Tree bark was less contaminated in the summer of 2011 than needles and branches at many plots (Fig. 2) likely because needles and branches were more exposed to radiocesium deposition than bark and because needles and branches are morphologically effective at intercepting deposition. However, our five-year monitoring study revealed that the 137Cs concentration in bark did not change considerably over the observation period at many plots. Bark mainly consists of inner bark (phloem) and outer bark.

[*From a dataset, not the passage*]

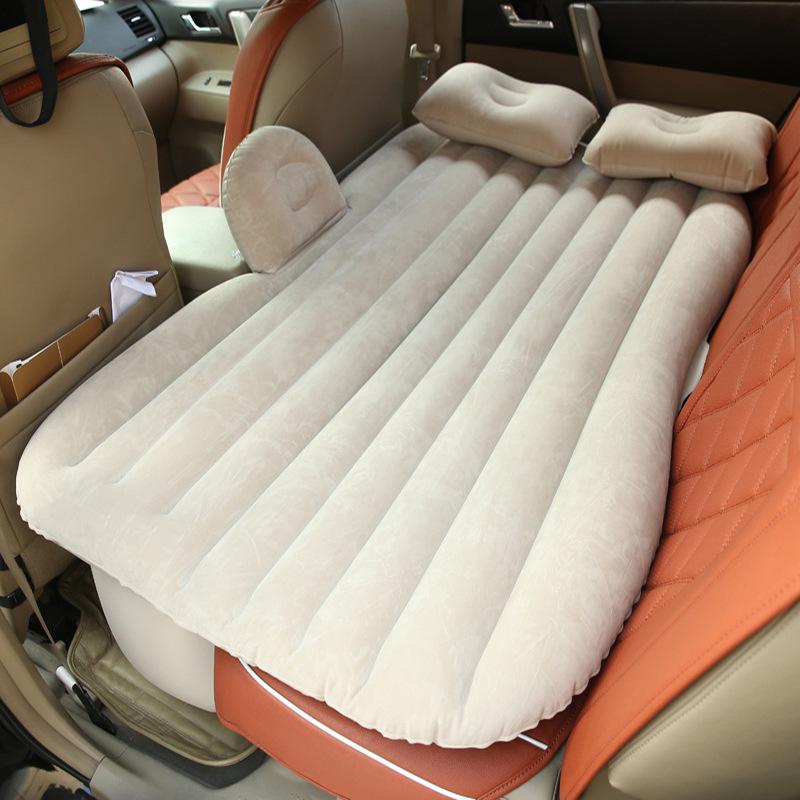 Изображение товара: Универсальный надувной автомобильный матрас для заднего сиденья, уличный туристический коврик для сна, подушка, автомобильная дорожная кровать с надувной диванной подушкой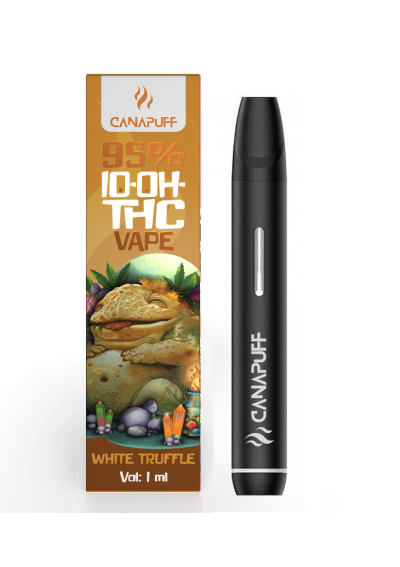 10-OH-THC Vape Device - White Truffle, 1500mg 10-OH-HHC 95% quality, 10 ml - Canntropy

The outer bark, which was exposed to radiocesium deposition, would retain a considerable portion of radiocesium in the early phase[15]. Therefore, the longer residence time of 137Cs in the bark than in the needles and branches implies that both the turnover and wash-off rates in the outer bark are low compared to those in the needles and branches. Eventually, the concentration and inventory of bark 137Cs reached comparable levels to those of needle and branch 137Cs in 2015 (Fig. 2 and Supplementary Tables S2 and S3).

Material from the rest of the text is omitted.